Aim of the exercise: What you return should be the exact lines from the one with "IJsmachine - Ijsblokjes" to the end of the records below, both included, and no pictures.

── Task inputs

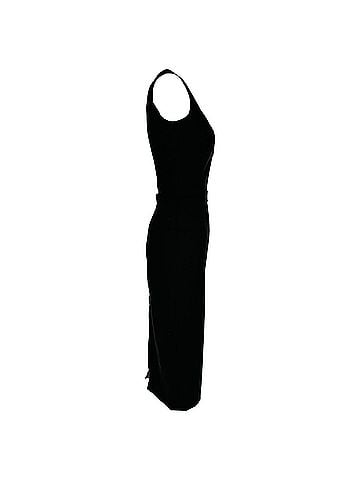 Victoria Beckham Victoria Beckham Sleeveless V-Neck Fitted Dress in Black Wool (view 2)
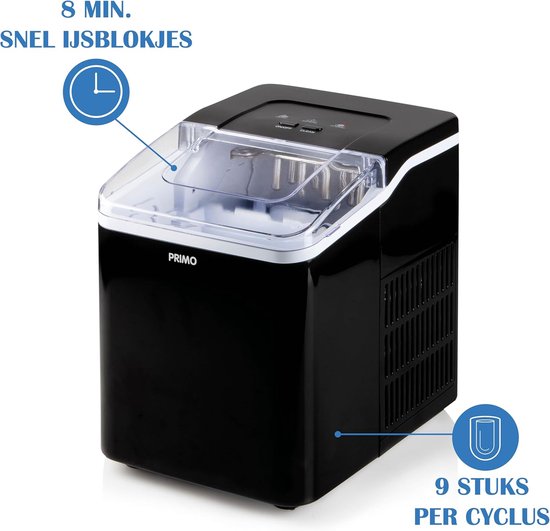 IJsmachine - Ijsblokjes maker - Snelle ijsbereiding - 9 ijsblokjes per cyclus - 12kg per dag - Zwart — afbeelding 4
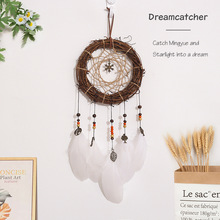 复古藤条捕梦网挂饰森系藤编装饰品跨境家居挂件小夜灯可爱生日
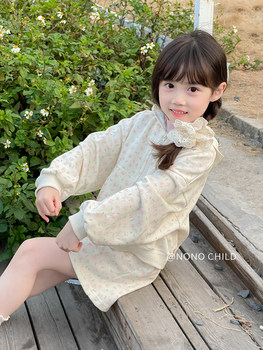 NONO CHILD spring new ins girls floral hooded zipper jacket skirt sweet two-piece suit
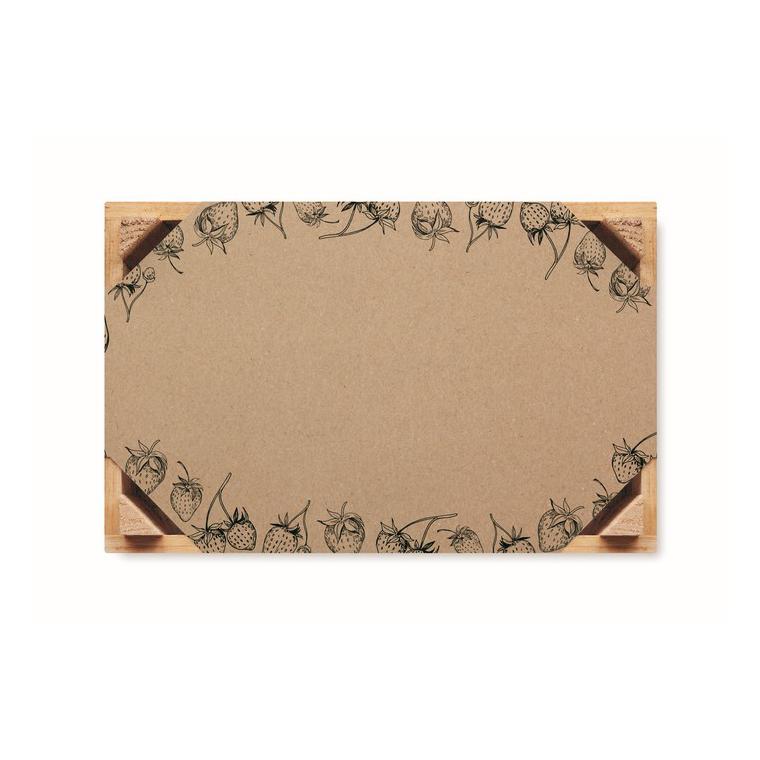 Kit căpșuni în cutie de lemn STRAWBERRY Natur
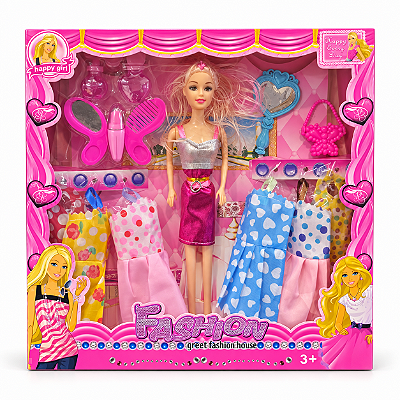Boneca Fashion com 4 Roupas e Acessórios Modelos Sortidos
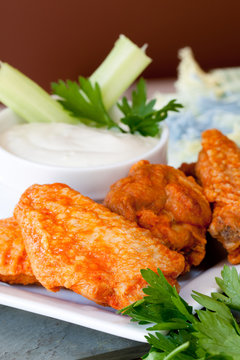 Hot and Spicy Buffalla Wings with Blue Cheese Dipping Sauce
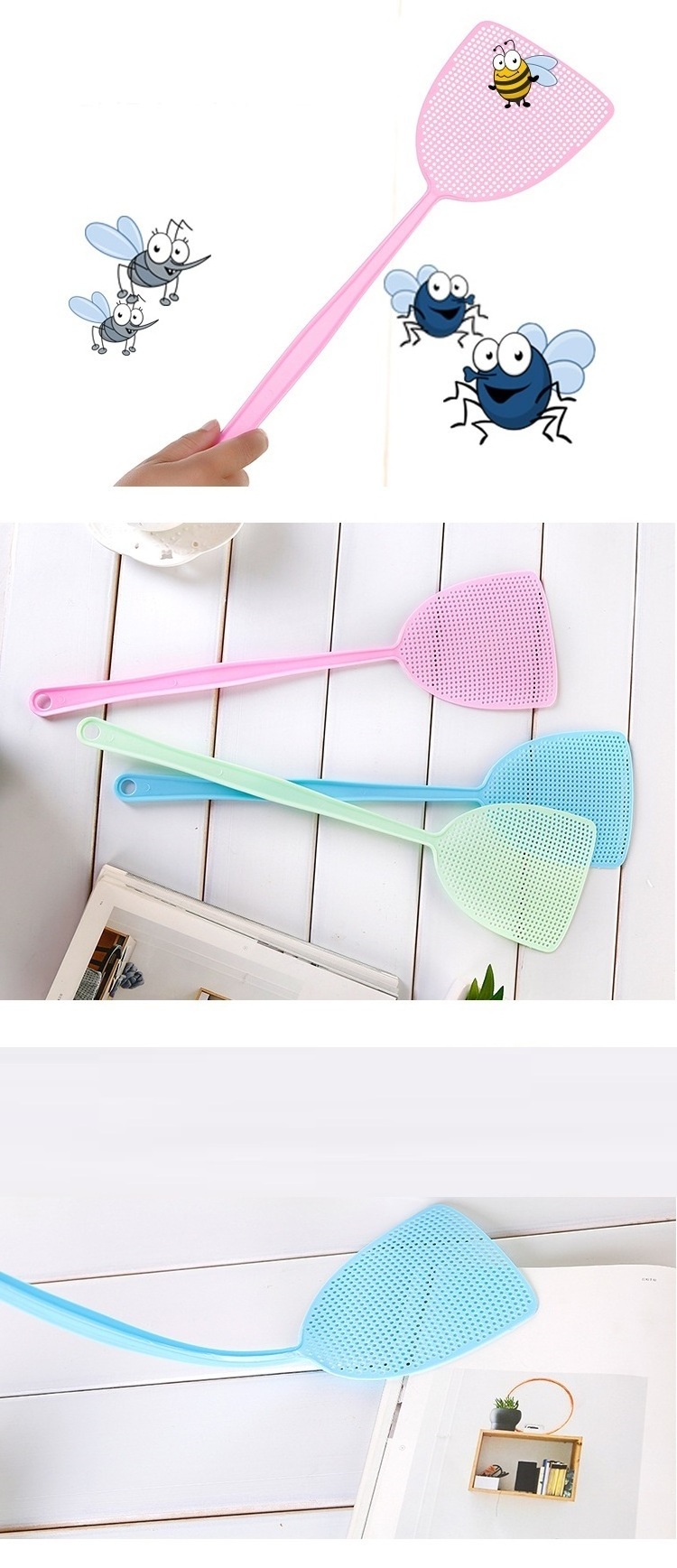 Fly Swatter Pest Control Manual Plastic Durable Long Handle Solid Color Home Bee Bug Mosquito Repellent Tool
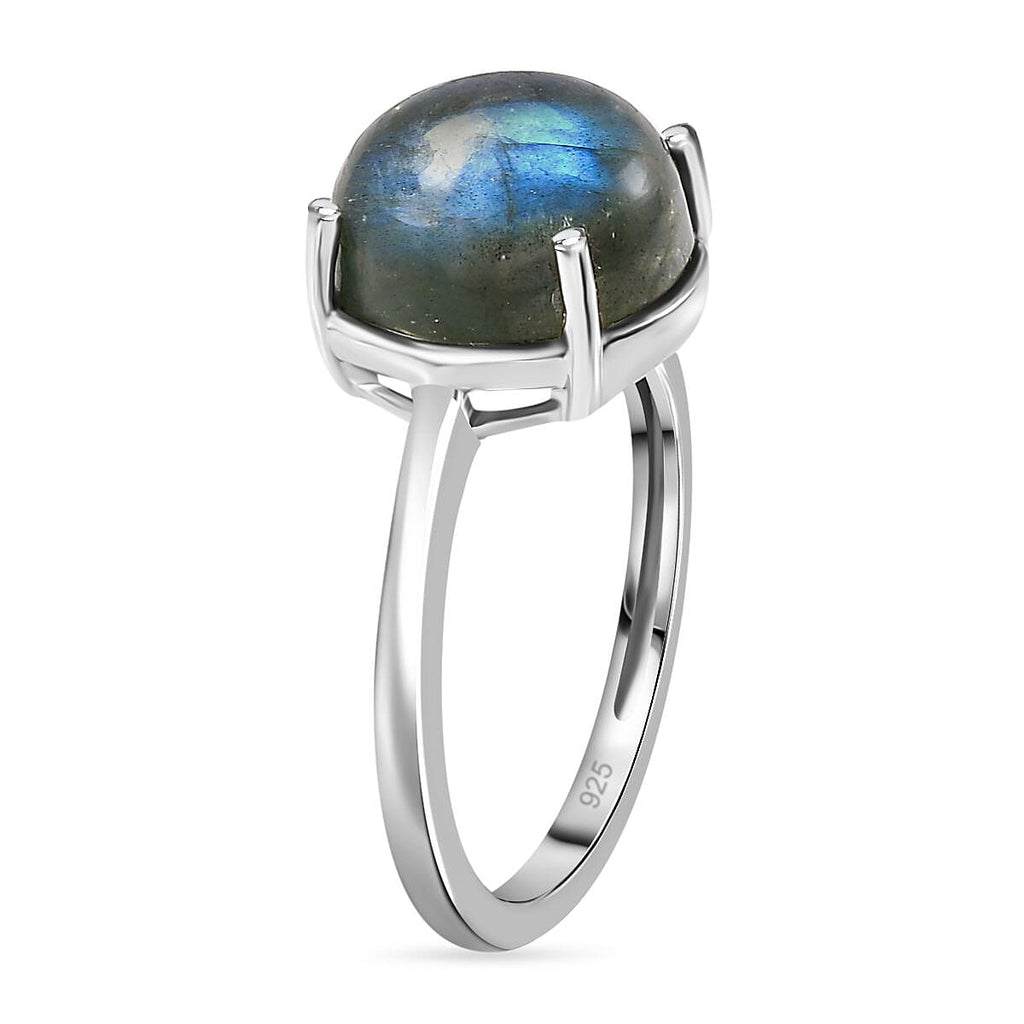 Labradorite Solitaire Ring in Platinum Overlay Sterling Silver 4.20 Ct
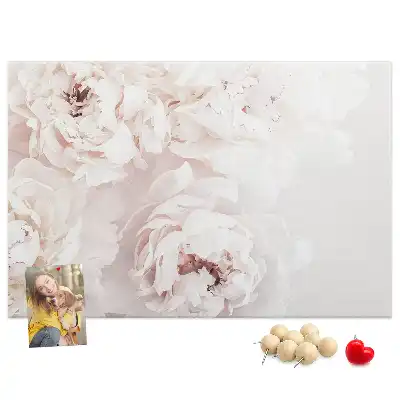 Peony Flowers Printed Cork Board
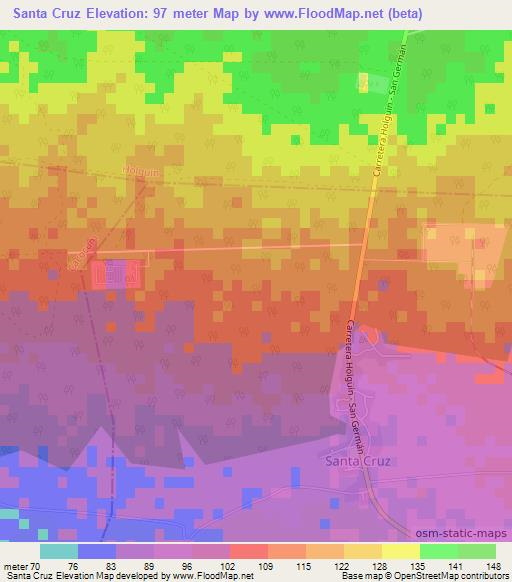 Santa Cruz,Cuba Elevation Map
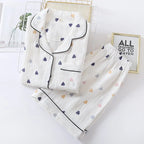 Crêpe-Textured Short Pyjama Set with Contrast Piping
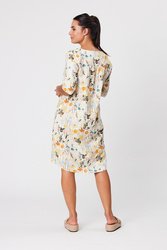 Collarless Floral Dress
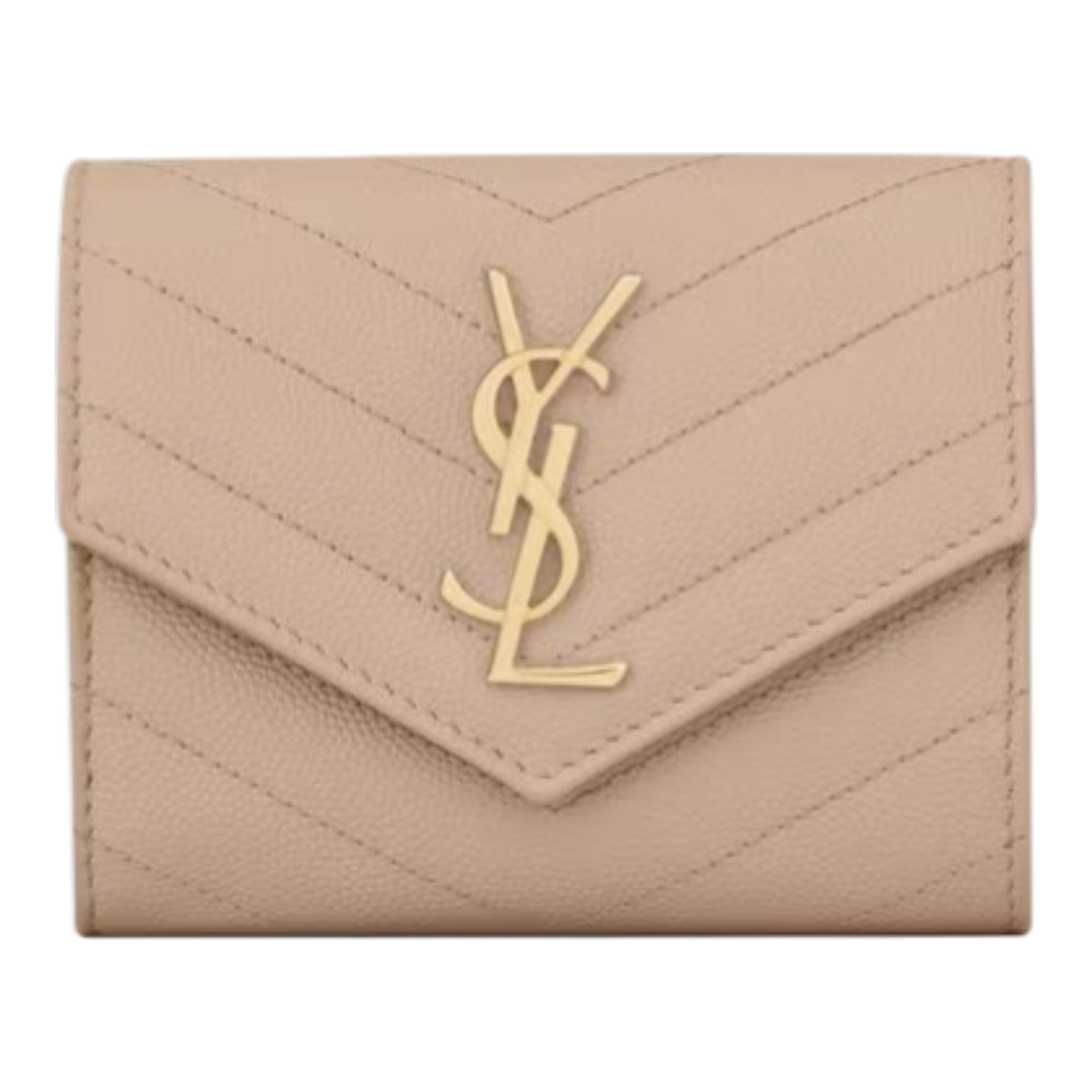 Saint Laurent Cassandre Matelassé Compact Tri-Fold Wallet in Grain de Poudre Leather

────

Your response:
 IJsmachine - Ijsblokjes maker - Snelle ijsbereiding - 9 ijsblokjes per cyclus - 12kg per dag - Zwart — afbeelding 4
 复古藤条捕梦网挂饰森系藤编装饰品跨境家居挂件小夜灯可爱生日
 NONO CHILD spring new ins girls floral hooded zipper jacket skirt sweet two-piece suit
 Kit căpșuni în cutie de lemn STRAWBERRY Natur
Boneca Fashion com 4 Roupas e Acessórios Modelos Sortidos
 Hot and Spicy Buffalla Wings with Blue Cheese Dipping Sauce
 Fly Swatter Pest Control Manual Plastic Durable Long Handle Solid Color Home Bee Bug Mosquito Repellent Tool
 Labradorite Solitaire Ring in Platinum Overlay Sterling Silver 4.20 Ct
 Peony Flowers Printed Cork Board
 Santa Cruz,Cuba Elevation Map
 Crêpe-Textured Short Pyjama Set with Contrast Piping
 Collarless Floral Dress
 Saint Laurent Cassandre Matelassé Compact Tri-Fold Wallet in Grain de Poudre Leather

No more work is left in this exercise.